Provided data:
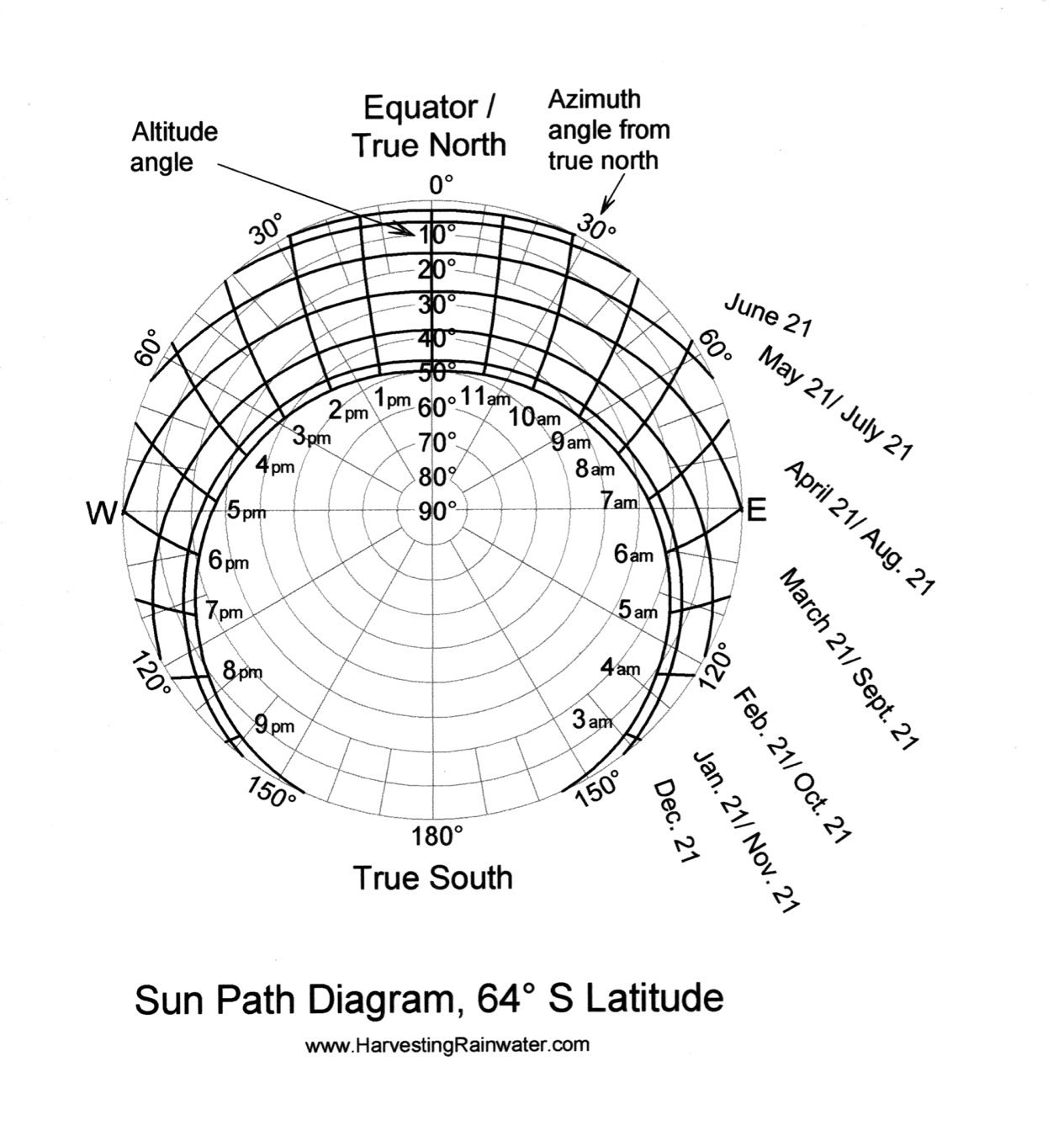 Rainwater Harvesting for Drylands and Beyond by Brad Lancaster » Sun ...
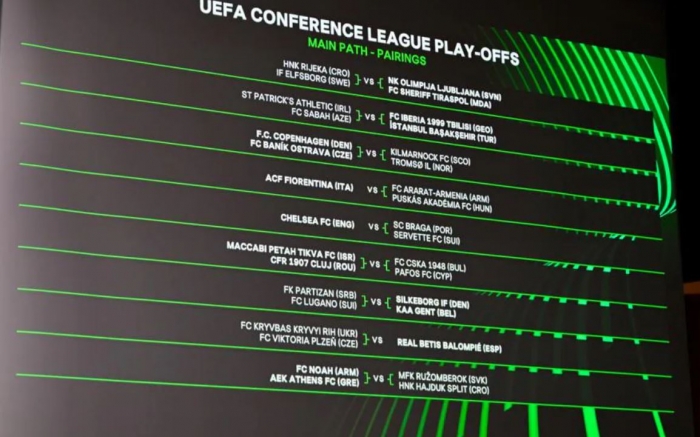 Loting kwalificatie play-offs Conference League 2024/2025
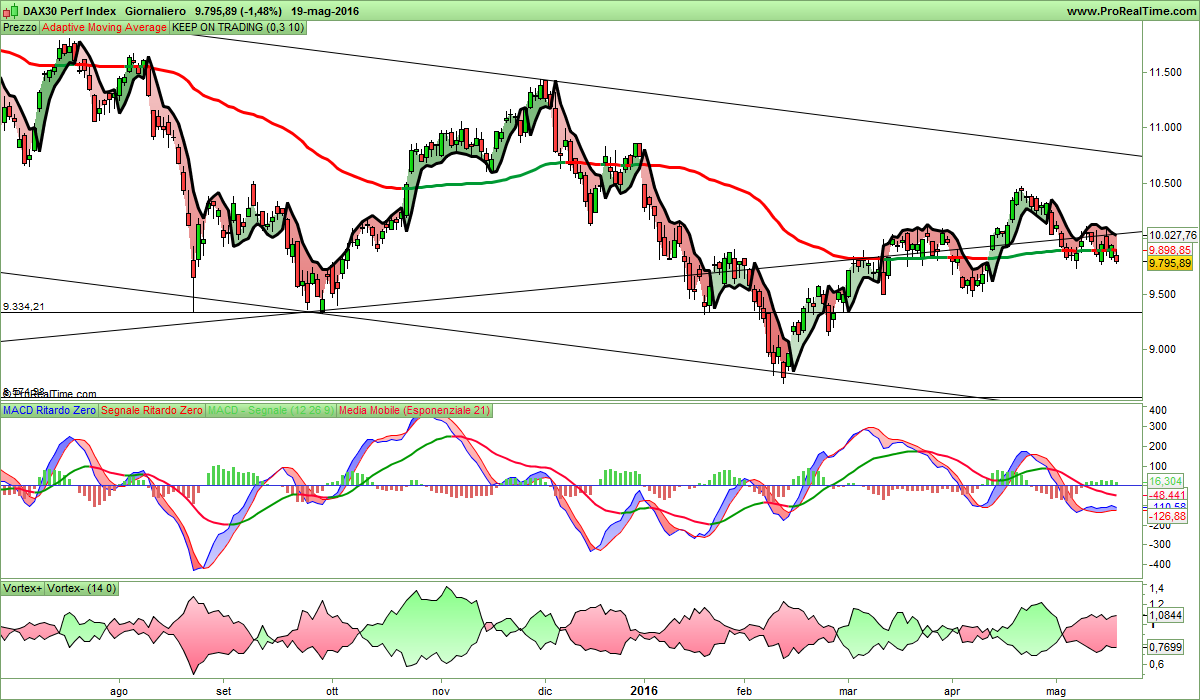 DAX30 Perf Index.png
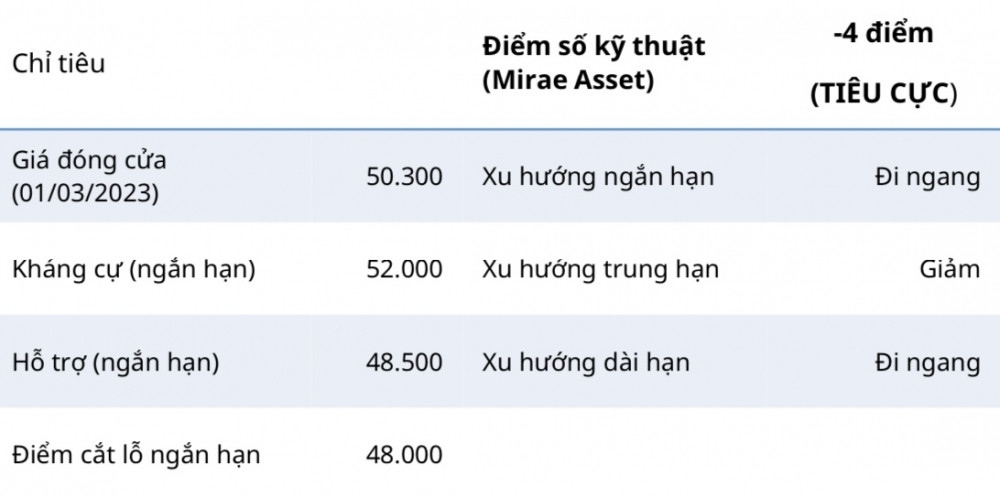 Mirae Asset đưa ra khuyến nghị mua cổ phiếu DGC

Try it: Beginning with the line where "Loting kwalificatie play-offs" appears, restate word for word every line down to the last one in the data, but keep the pictures out.

Answer area:
 Loting kwalificatie play-offs Conference League 2024/2025
 DAX30 Perf Index.png
 Mirae Asset đưa ra khuyến nghị mua cổ phiếu DGC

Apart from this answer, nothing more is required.